Institutional Investor dergisinde yakın zamanda çıkan bir yazıda ekonomik büyümeye yönelik pozisyon alan yatırımcıların tercihlerini Avustralya Doları yerine Yeni Zelanda Doları’ndan yana kullanmaya başladığına dikkat çekildi. Dünyanın en serbest ekonomilerinden biri olarak nitelendirilen Yeni Zelanda’nın ekonomisi büyük oranda tarıma bağımlı durumda. Tarım GDP’nin yaklaşık % 9’unu oluşturmasına rağmen ihracat gelirlerinin yaklaşık dörtte üçünü oluşturuyor. Bu sebeple Asya bölgesindeki ekonomik büyüme ve Çin’in üretimden tüketime kayacak yeni büyüme modelinin Yeni Zelanda Doları’na pozitif yansıması ve korelasyonun artması bekleniyor. Diğer yandan artması beklenen korelasyonun önüne çıkan engel ise Yeni Zelanda’nın en büyük ticaret partneri olan komşusu Avustralya. Zelanda’nın ihracatının dörtte birinin Avustralya ile olması sebebiyle AUD ve NZD arasında yüksek bir korelasyon bulunuyor.
Yeni Zelanda Doları gibi global ekonomik büyümeye yönelik pozisyon almak isteyen yatırımcıların diğer gözde para birimlerinden biri ise İsveç Kronu. İsveç Borsası’ndaki çok uluslu ve gelirlerinin çoğunluğunu uluslararası hizmet ve üretimden yaratan şirket sayısının fazlalığı (Ericsonn, Volvo, Astra Zeneca, Pfizer, Nokia gibi) İsveç Kronu’nu global ekonomik büyümeye karşı duyarlı hale getiren etkenlerden biri olarak öne çıkıyor. Diğer yandan İsveç’in 2013 yılında ekonomisi daralması beklenen komşusu Avrupa Birliği bir engel olarak çıkıyor.
Kanada’nın ihracatının dörtte üçünü gerçekleştirdiği ABD ekonomisiyle olan güçlü bağları ve petrol ihracatçısı statüsü Kanada Doları’nı hem ABD’nin ekonomik büyümesine hem de global ekonomik büyümeye yönelik pozisyon almak isteyen yatırımcılar için cazip hale getiriyor. Kanada Doları HSBC’nin Risk on/Risk off endeksine göre de ekonomik büyümeye yönelik pozisyon almak isteyen yatırımcılar için Avustralya ve Yeni Zelanda Doları’ndan daha yüksek korelasyona sahip.
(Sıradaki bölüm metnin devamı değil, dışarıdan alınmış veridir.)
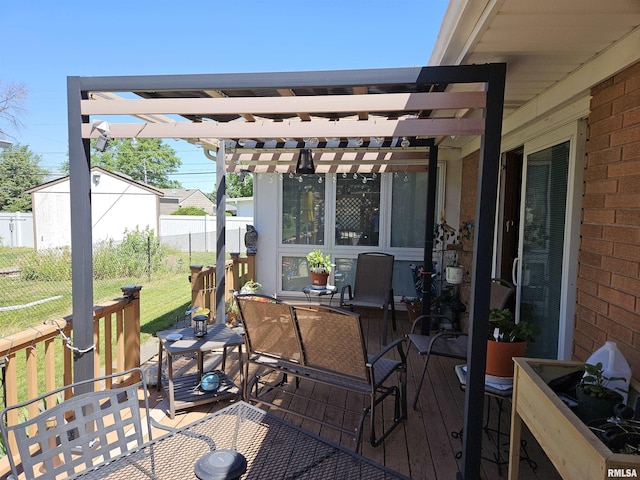 wooden deck featuring outdoor dining space, fence, and a pergola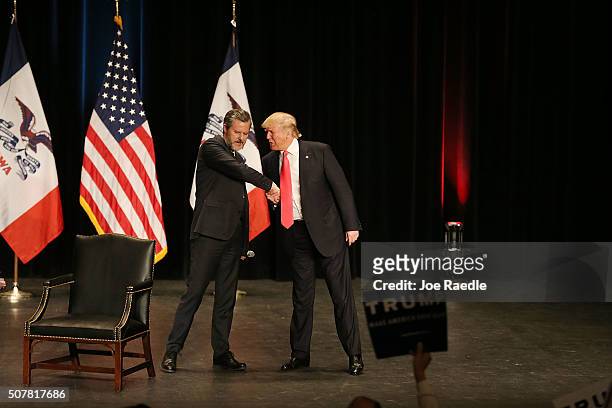 Jerry Falwell Jr. Greets Republican presidential candidate Donald Trump as he walks on stage during a campaign rally at the Sioux City Orpheum...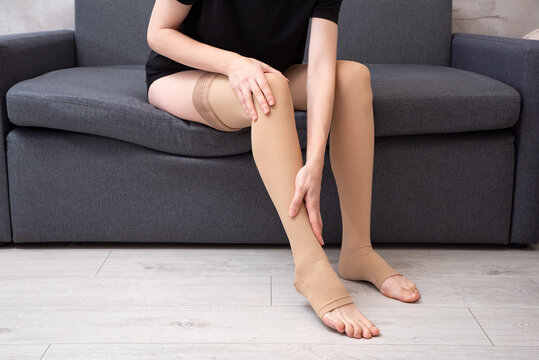 Faceless female wearing compression socks sitting on grey sofa indoors demonstrating healthy lifestyle, vein care and prevention of venous disease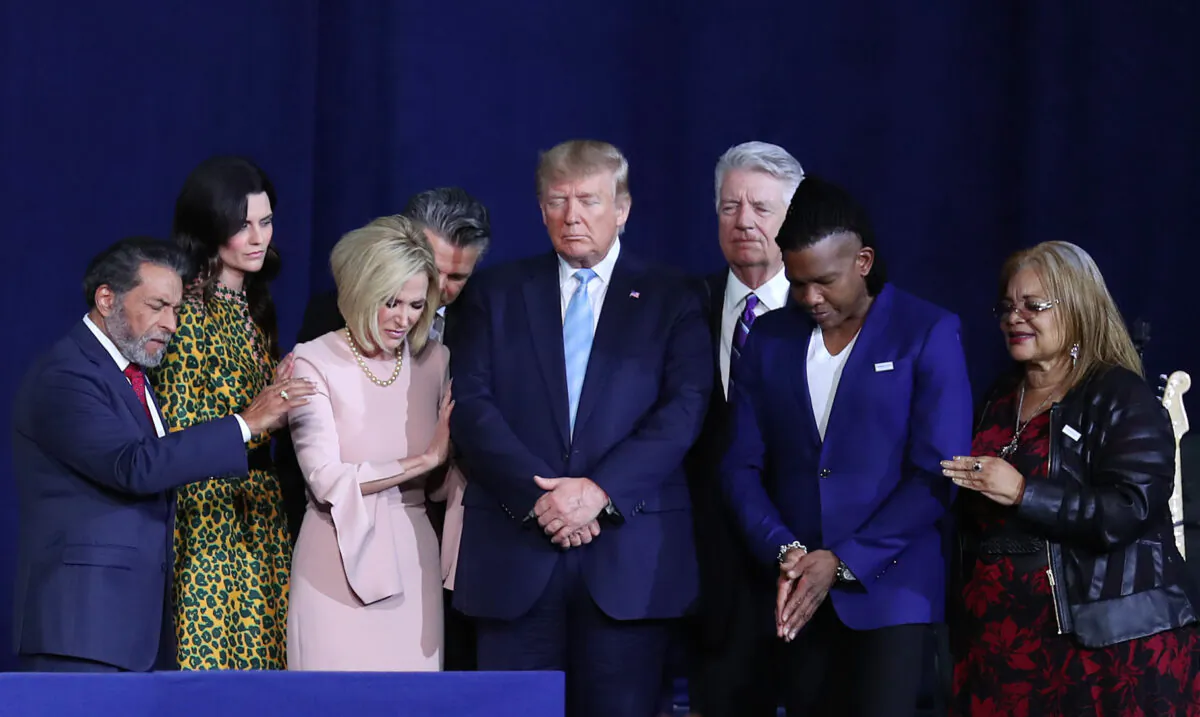 Faith leaders pray over President Donald Trump during a 'Evangelicals for Trump' campaign event held at the King Jesus International Ministry in Miami, Fla., on Jan. 3, 2020. (Joe Raedle/Getty Images)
Meksika Peso’su, Meksika’nın büyük miktarda petrol ihracatçısı olduğu göz önünde bulundurulduğunda global ekonomik büyümeyle artacak petrol ihtiyacından pozitif etkilenecek para birimlerinden biri olarak öne çıkıyor. Diğer yandan son yıllarda mali, iş gücü ve enerji reformlarının etkisinde Meksika Peso’sunun olası global bir yavaşlamadan daha önceki krizlere oranla çok daha kuvvetli çıkması bekleniyor. Reformların yanı sıra ülkenin üretim sektöründe artan rekabet gücü ve Meksika’nın Kanada gibi Amerika ile olan yüksek ihracat hacmi, ABD ekonomik büyümesine yönelik pozisyon almak isteyen yatırımcılar için Meksika Peso’sunu öne çıkarıyor.